The Impact of the Pipeline on Alaska Natives

"I was in that generation that was still hunting and fishing and living in sod tents and using dogs for locomotion. There was very little cash then and we had to really struggle. I remember having a lot of rotten teeth right down to the gums and nobody to take care of them. We really worked hard. It was an okay life; it was just a hard life. We just didn't have any safety nets.— Willie Hensley, former president, Alaska Federation of Natives.

Pipeline-Native-William_L._Iggiagruk_Hensley_and_Andrew_Parodi_at_Jensen_Arctic_Museum_lec.jpg
Willie Hensley, 2013. PD.

From Alaska to D.C.
Willie Hensley grew up in Kotzebue, a small community in northwest Alaska, 33 miles north of the Arctic Circle. In the early 1960s, he went to the nation's capital to study political science at George Washington University.

Willie Hensley: "I used to always wonder why all the Indian tribes were coming to Washington, D.C., asking for this, that and another, and there was hardly anybody coming from Alaska."

Defining Native Rights
In 1966 Hensley wrote a paper entitled "What Rights to Land Have the Alaska Natives: The Primary Issue," for a graduate class in constitutional law at the University of Fairbanks.
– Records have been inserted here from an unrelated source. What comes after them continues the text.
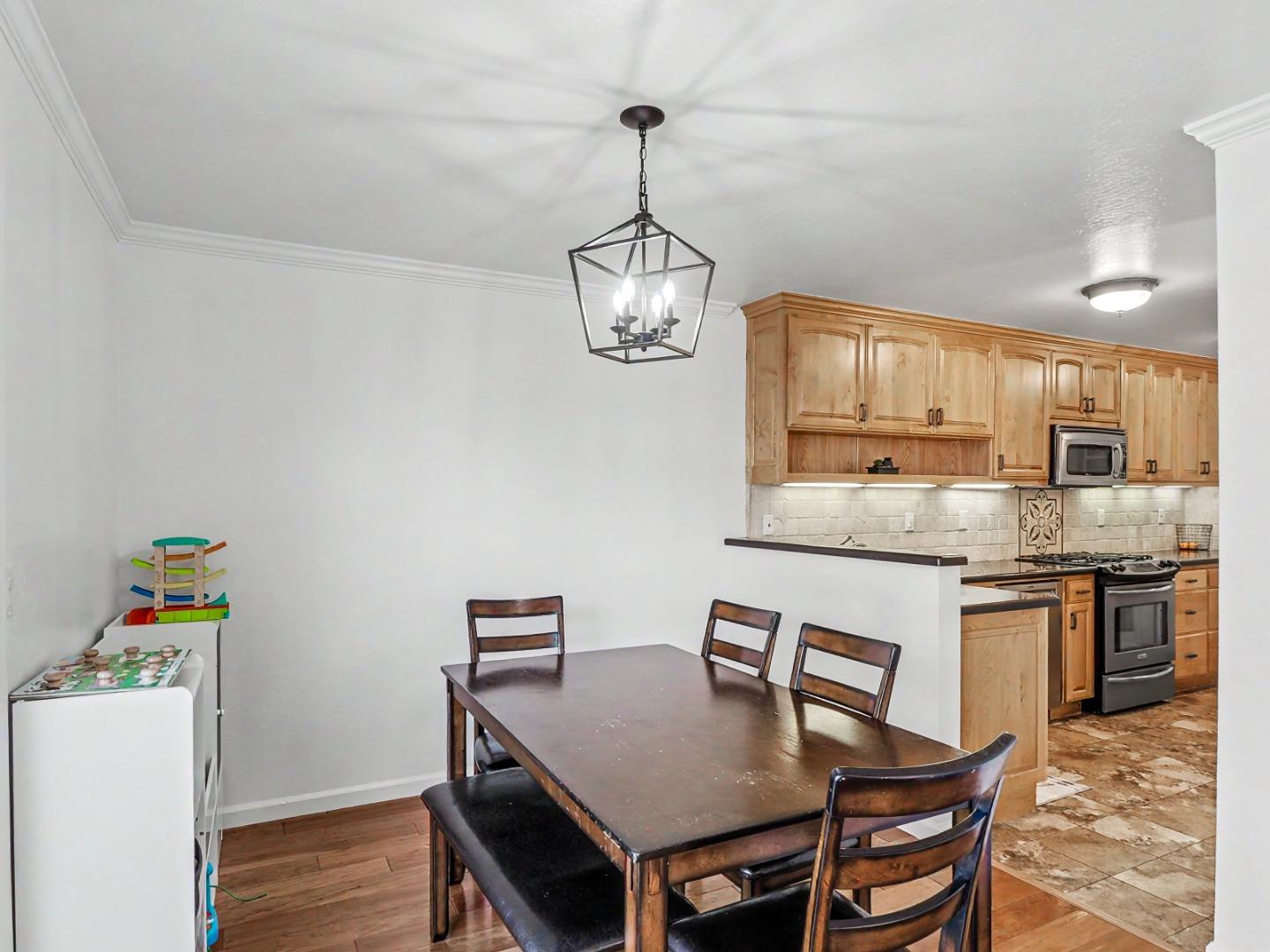 1310 Primavera Street, Unit 109 Salinas, CA 93901 - Photo 8 of 37 a kitchen with stainless steel appliances granite countertop a stove top oven a sink a dining table and chairs with wooden floor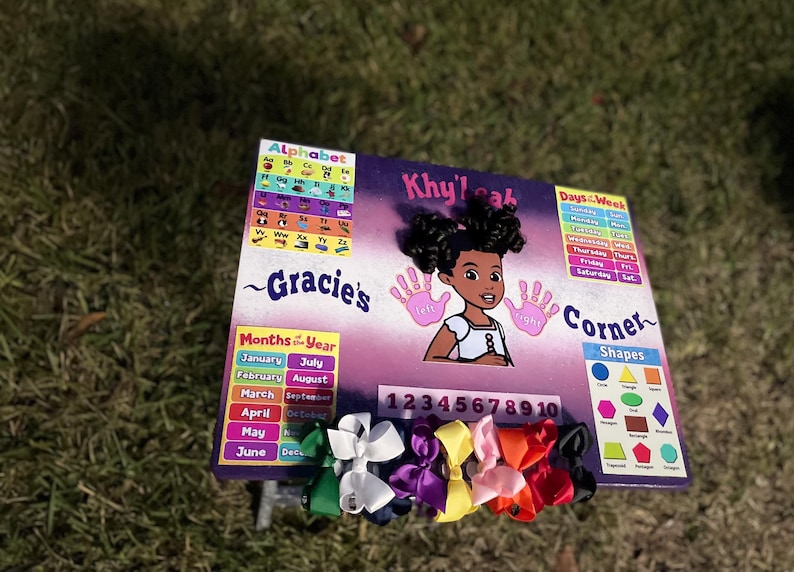May include: A colourful educational chart with a purple background and a girl's face in the centre. The chart includes an alphabet, days of the week, months of the year, numbers 1-10, and shapes. The chart is decorated with colourful bows.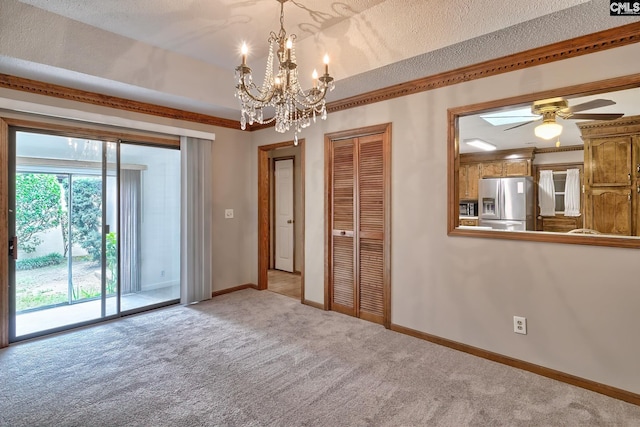 carpeted empty room with ceiling fan and a textured ceiling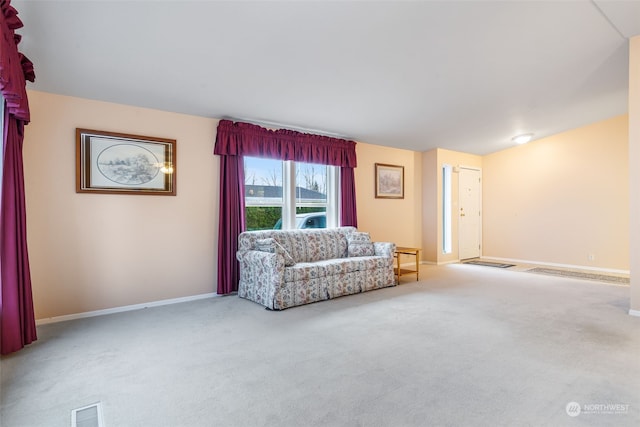 sitting room with light colored carpet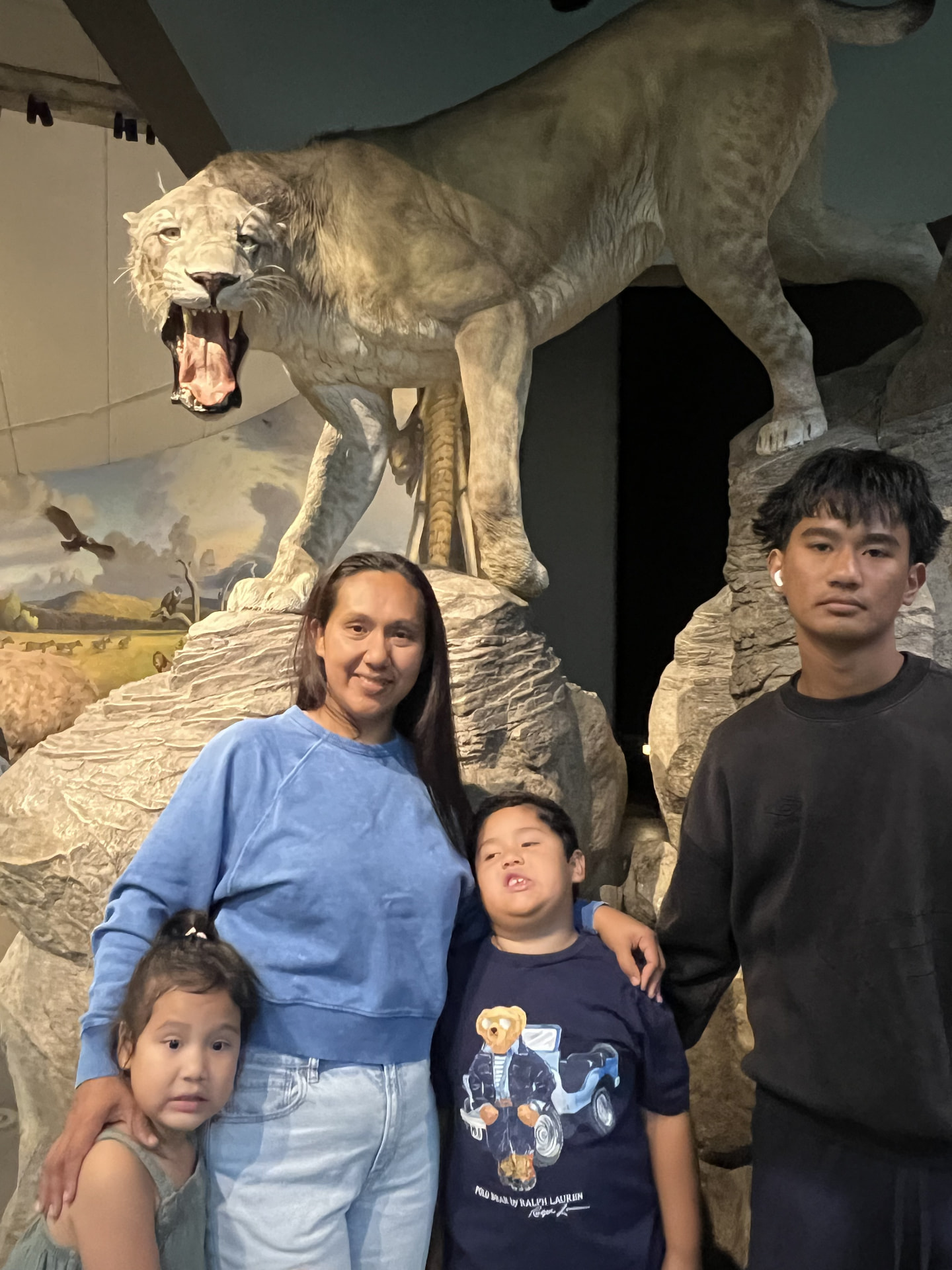 Dan Jenkins and family visiting an exhibit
Willie Hensley: "I think that paper, for the first time, gave not only me, but many other people, a sort of a historical, legal and policy view of what Alaska Native rights were."

Settling Claims
That same year, Hensley and several other Native leaders formed the Alaska Federation of Natives (AFN) -- an organization that would be instrumental in settling Native land claims with the state and federal governments. Under the Alaska Native Claims Settlement Act, signed into law in 1971, Alaska Natives received 44 million acres of land and $962 million. Hensley and the AFN, however, pushed for more.

Opportunities for Natives
Willie Hensley: "It wasn't as if we had to support the pipeline. But, at the same time, it was an opportunity to nail something more down and even though our bargaining position wasn't that phenomenal, I did the best I could. That's how we got the provision in the grant of right of way from the Department of Interior that required training and employment of Alaska natives."

Native Land Ownership
Under the act, Congress also created 12 regional corporations, with a thirteenth based in Seattle, Washington, and more than 200 village corporations to manage the land and money. The land was divided up along regional and ethnic lines. These corporations were created as private entities. The capital and decision-making were put in the hands of Alaska Natives without state or federal government oversight. Every Native received 100 shares in the corporation.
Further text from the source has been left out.